▼
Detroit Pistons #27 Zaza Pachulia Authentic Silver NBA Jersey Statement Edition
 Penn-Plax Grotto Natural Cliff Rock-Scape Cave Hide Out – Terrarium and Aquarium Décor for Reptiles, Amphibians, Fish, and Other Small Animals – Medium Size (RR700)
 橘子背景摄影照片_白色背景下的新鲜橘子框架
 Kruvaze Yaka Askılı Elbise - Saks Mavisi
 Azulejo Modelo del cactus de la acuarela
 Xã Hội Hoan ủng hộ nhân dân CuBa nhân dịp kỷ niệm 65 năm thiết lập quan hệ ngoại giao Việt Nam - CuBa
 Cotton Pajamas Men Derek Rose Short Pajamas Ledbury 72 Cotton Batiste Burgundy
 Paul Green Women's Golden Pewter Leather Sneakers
▲
What this task involves
Repeat, exactly and only, the lines above from the one containing "Azulejo Modelo del cactus de la acuarela" through the end of the material.

Completed task
 Azulejo Modelo del cactus de la acuarela
 Xã Hội Hoan ủng hộ nhân dân CuBa nhân dịp kỷ niệm 65 năm thiết lập quan hệ ngoại giao Việt Nam - CuBa
 Cotton Pajamas Men Derek Rose Short Pajamas Ledbury 72 Cotton Batiste Burgundy
 Paul Green Women's Golden Pewter Leather Sneakers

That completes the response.